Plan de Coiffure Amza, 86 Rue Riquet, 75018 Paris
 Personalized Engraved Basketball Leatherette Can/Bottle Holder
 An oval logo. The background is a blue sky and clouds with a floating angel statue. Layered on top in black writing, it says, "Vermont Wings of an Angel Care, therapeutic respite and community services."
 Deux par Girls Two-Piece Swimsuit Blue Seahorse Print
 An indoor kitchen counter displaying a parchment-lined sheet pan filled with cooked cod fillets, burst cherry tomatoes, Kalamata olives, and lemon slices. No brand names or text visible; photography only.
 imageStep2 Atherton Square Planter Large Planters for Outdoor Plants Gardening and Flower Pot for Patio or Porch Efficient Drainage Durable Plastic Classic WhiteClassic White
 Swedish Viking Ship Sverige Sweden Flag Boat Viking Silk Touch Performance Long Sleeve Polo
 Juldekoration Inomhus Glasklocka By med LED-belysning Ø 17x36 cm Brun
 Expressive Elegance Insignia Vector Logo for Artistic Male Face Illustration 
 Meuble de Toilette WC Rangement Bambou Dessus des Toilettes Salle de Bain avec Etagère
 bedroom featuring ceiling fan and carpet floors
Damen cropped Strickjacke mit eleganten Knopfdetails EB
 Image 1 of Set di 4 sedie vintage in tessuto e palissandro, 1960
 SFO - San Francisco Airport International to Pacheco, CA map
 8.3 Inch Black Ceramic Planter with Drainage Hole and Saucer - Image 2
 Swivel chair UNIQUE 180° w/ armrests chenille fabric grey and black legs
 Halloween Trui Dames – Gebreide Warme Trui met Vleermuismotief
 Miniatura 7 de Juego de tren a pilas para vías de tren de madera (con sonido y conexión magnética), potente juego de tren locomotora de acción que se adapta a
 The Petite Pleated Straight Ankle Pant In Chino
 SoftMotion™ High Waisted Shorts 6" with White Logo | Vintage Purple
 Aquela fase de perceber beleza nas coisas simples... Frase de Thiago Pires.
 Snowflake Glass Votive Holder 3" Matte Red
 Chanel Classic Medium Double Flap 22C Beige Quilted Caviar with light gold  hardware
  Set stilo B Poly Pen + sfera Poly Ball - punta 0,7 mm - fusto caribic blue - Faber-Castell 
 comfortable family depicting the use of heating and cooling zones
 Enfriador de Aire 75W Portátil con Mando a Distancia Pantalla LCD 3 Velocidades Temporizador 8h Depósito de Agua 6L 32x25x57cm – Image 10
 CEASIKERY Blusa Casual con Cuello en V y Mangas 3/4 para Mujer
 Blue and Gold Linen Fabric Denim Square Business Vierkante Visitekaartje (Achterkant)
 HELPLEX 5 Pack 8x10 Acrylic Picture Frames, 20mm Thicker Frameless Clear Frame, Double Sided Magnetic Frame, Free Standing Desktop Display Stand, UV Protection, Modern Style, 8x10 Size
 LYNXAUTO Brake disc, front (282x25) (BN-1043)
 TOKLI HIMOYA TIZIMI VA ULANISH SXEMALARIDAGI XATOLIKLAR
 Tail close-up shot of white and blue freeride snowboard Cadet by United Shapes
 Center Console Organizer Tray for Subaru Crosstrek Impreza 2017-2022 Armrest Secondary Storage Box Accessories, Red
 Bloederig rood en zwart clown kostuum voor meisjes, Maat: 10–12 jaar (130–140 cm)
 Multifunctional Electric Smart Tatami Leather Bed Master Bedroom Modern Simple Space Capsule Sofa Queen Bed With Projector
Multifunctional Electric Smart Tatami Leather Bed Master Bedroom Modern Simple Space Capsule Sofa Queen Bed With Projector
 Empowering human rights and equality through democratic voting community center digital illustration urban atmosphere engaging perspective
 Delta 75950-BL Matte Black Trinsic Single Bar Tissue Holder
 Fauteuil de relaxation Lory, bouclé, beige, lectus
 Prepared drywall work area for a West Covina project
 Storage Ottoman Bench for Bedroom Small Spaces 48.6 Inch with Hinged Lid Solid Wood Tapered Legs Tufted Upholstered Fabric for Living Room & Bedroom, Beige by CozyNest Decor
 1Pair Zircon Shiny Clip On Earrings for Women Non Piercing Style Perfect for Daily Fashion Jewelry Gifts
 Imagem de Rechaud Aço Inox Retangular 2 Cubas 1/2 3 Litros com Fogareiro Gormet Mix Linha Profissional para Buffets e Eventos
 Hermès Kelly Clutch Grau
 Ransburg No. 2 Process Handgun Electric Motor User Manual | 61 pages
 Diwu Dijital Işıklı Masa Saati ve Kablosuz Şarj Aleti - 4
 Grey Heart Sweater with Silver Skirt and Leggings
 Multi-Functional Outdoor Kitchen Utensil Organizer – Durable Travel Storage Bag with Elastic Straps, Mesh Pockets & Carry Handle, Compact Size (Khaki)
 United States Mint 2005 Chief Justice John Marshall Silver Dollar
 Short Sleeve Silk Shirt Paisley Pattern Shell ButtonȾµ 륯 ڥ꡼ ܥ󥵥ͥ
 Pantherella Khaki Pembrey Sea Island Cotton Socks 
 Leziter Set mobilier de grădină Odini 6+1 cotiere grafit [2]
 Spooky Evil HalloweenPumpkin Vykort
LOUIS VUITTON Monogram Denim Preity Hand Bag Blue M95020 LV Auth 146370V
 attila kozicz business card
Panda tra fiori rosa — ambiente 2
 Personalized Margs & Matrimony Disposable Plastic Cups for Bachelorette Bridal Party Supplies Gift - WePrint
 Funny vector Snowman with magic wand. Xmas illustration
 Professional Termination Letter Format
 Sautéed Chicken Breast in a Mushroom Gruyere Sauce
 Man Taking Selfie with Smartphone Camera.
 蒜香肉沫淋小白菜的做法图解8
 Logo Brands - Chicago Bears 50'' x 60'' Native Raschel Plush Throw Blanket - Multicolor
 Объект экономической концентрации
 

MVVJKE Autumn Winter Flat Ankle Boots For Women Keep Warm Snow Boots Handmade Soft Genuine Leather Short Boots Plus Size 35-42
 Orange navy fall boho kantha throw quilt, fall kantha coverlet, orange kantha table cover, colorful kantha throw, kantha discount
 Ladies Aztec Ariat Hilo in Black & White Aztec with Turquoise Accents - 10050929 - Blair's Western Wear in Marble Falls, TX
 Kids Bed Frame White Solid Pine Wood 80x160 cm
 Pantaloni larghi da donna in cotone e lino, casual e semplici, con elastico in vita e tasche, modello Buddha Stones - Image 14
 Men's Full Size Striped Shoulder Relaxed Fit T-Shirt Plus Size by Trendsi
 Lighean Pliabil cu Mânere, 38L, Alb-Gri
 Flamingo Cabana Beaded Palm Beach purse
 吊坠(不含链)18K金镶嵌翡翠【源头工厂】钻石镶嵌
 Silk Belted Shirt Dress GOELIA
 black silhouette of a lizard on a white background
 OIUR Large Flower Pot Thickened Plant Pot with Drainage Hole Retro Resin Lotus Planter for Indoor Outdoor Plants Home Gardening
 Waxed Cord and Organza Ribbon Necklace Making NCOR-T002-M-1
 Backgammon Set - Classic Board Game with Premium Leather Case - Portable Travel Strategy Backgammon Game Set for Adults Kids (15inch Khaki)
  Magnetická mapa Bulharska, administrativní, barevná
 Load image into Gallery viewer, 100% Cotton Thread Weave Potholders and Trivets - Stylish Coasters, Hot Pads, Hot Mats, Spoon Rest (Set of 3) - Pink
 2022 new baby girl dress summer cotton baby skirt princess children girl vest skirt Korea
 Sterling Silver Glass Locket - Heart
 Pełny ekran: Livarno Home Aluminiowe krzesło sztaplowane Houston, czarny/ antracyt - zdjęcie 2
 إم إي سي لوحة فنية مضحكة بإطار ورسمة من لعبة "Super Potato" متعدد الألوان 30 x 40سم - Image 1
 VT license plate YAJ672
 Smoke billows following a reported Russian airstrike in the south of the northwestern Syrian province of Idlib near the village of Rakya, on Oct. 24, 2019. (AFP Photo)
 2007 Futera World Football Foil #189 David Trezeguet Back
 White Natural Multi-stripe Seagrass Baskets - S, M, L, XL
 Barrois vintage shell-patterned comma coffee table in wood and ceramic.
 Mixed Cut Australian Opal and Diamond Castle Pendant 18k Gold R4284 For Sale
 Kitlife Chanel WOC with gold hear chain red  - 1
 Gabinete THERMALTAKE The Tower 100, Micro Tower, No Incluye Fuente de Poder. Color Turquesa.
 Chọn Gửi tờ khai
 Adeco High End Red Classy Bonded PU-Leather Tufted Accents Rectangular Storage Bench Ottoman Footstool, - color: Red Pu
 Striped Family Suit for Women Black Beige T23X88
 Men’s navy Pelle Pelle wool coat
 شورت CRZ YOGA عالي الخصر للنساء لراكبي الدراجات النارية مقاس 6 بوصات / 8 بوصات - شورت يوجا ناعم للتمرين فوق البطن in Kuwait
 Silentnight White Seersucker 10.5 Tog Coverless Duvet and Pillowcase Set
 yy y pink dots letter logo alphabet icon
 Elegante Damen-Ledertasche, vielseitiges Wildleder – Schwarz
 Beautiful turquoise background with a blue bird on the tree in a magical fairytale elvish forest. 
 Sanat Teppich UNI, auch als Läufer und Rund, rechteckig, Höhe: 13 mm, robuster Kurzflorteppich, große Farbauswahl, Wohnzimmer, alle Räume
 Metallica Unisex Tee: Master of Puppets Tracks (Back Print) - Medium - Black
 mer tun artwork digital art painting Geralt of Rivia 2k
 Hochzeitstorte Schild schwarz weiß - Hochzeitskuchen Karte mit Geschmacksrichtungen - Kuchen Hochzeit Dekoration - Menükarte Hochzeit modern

§ **Your goal**
Taking the entries above, write out exactly the lines starting with the line containing "Storage Ottoman Bench" and going on through the line containing "Sautéed Chicken Breast", both included, and nothing else.

§ **Result of the task**
 Storage Ottoman Bench for Bedroom Small Spaces 48.6 Inch with Hinged Lid Solid Wood Tapered Legs Tufted Upholstered Fabric for Living Room & Bedroom, Beige by CozyNest Decor
 1Pair Zircon Shiny Clip On Earrings for Women Non Piercing Style Perfect for Daily Fashion Jewelry Gifts
 Imagem de Rechaud Aço Inox Retangular 2 Cubas 1/2 3 Litros com Fogareiro Gormet Mix Linha Profissional para Buffets e Eventos
 Hermès Kelly Clutch Grau
 Ransburg No. 2 Process Handgun Electric Motor User Manual | 61 pages
 Diwu Dijital Işıklı Masa Saati ve Kablosuz Şarj Aleti - 4
 Grey Heart Sweater with Silver Skirt and Leggings
 Multi-Functional Outdoor Kitchen Utensil Organizer – Durable Travel Storage Bag with Elastic Straps, Mesh Pockets & Carry Handle, Compact Size (Khaki)
 United States Mint 2005 Chief Justice John Marshall Silver Dollar
 Short Sleeve Silk Shirt Paisley Pattern Shell ButtonȾµ 륯 ڥ꡼ ܥ󥵥ͥ
 Pantherella Khaki Pembrey Sea Island Cotton Socks 
 Leziter Set mobilier de grădină Odini 6+1 cotiere grafit [2]
 Spooky Evil HalloweenPumpkin Vykort
LOUIS VUITTON Monogram Denim Preity Hand Bag Blue M95020 LV Auth 146370V
 attila kozicz business card
Panda tra fiori rosa — ambiente 2
 Personalized Margs & Matrimony Disposable Plastic Cups for Bachelorette Bridal Party Supplies Gift - WePrint
 Funny vector Snowman with magic wand. Xmas illustration
 Professional Termination Letter Format
 Sautéed Chicken Breast in a Mushroom Gruyere Sauce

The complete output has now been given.